# Problem to work on
Leave the pictures out, and repeat exactly every line from the one with "Promenade de la Senne à Tubize" through the end of the data below.

** Records for this exercise follows **

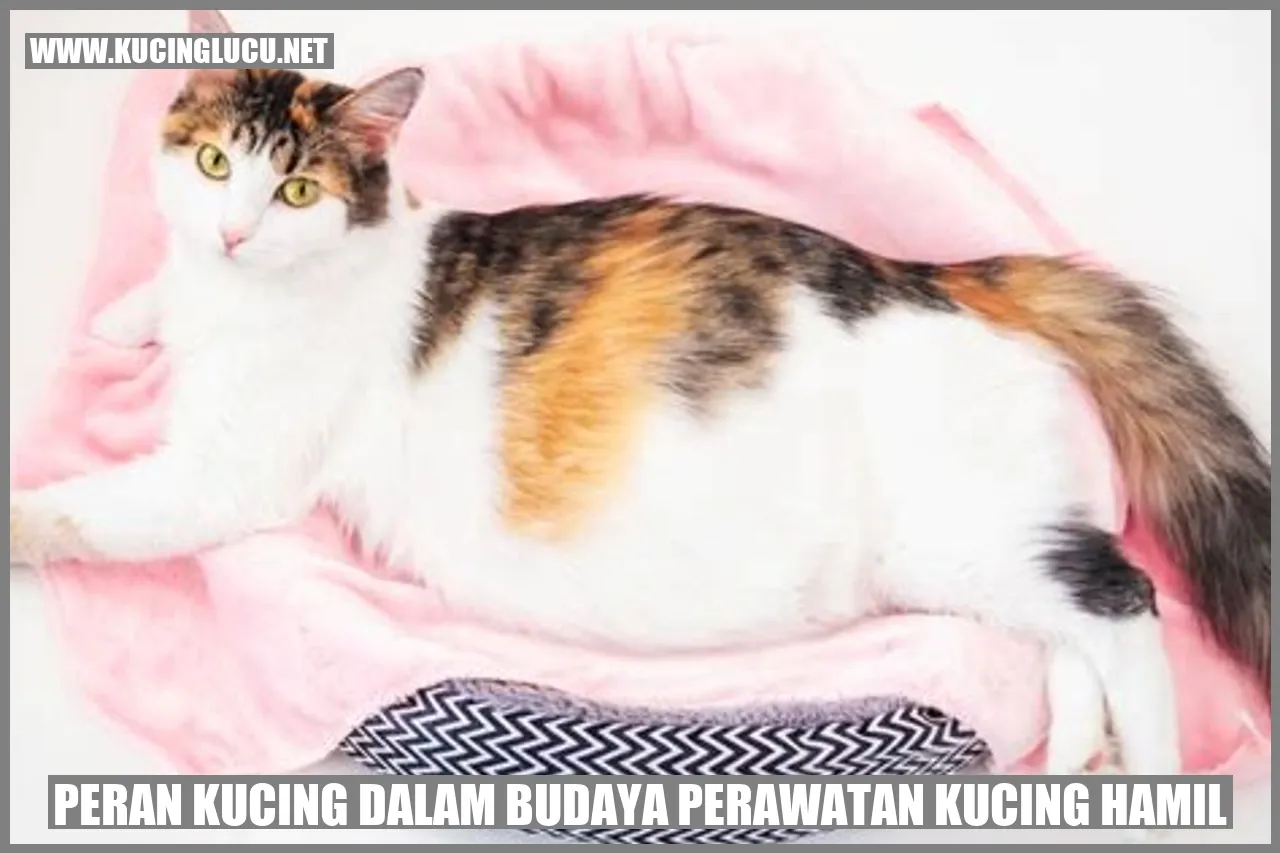 Peran Kucing dalam Budaya perawatan kucing hamil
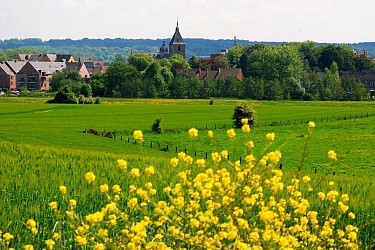 Promenade de la Senne à Tubize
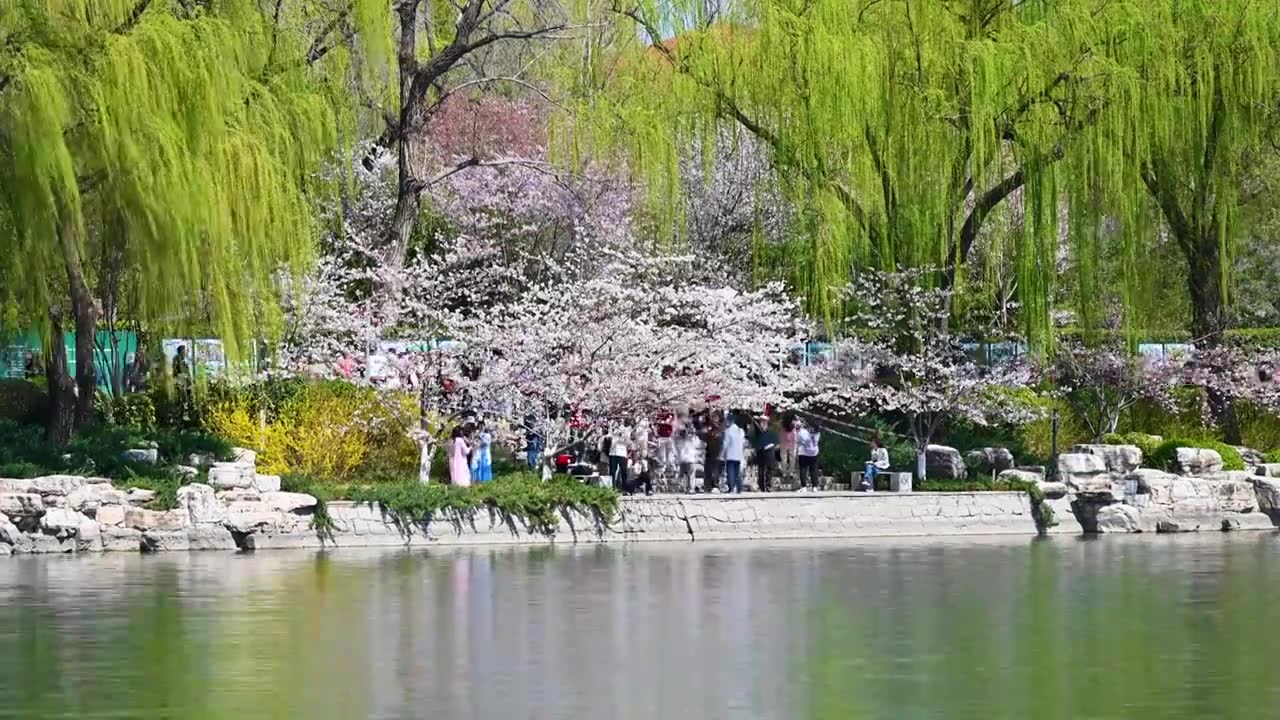 北京春天玉渊潭公园湖面蓝天柳树风光视频素材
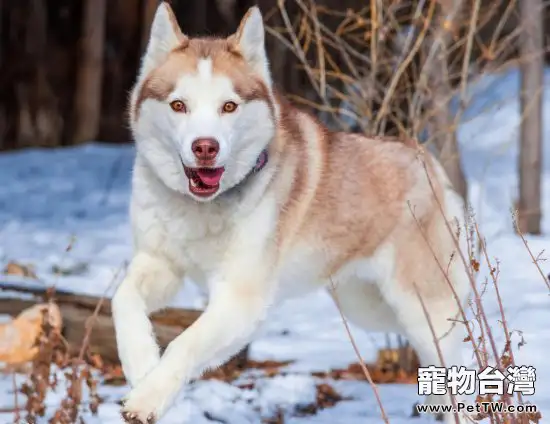 主人性別關係到狗狗攻擊性的強弱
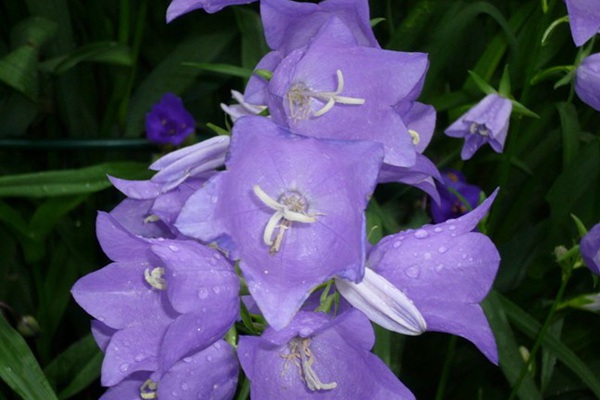 吸引蜂鳥的植物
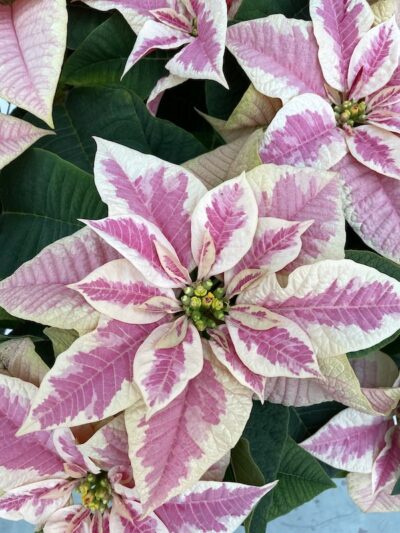 Dettaglio Stella di Natale Rosa variegata Crema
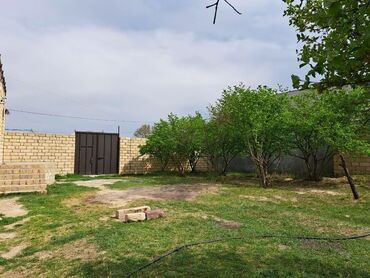 Torpaq sahələrinin satışı: 24 sot, Kənd təsərrüfatı -da lalafo.az — 11 Torpaq sahələrinin satışı: 24 sot, Kənd təsərrüfatı — 11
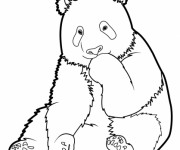 Coloriage et dessins gratuit Panda pour enfant à imprimer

** End of Records for this exercise **

# Finished exercise
 Promenade de la Senne à Tubize
 北京春天玉渊潭公园湖面蓝天柳树风光视频素材
 主人性別關係到狗狗攻擊性的強弱
 吸引蜂鳥的植物
 Dettaglio Stella di Natale Rosa variegata Crema
 Torpaq sahələrinin satışı: 24 sot, Kənd təsərrüfatı -da lalafo.az — 11 Torpaq sahələrinin satışı: 24 sot, Kənd təsərrüfatı — 11
 Coloriage et dessins gratuit Panda pour enfant à imprimer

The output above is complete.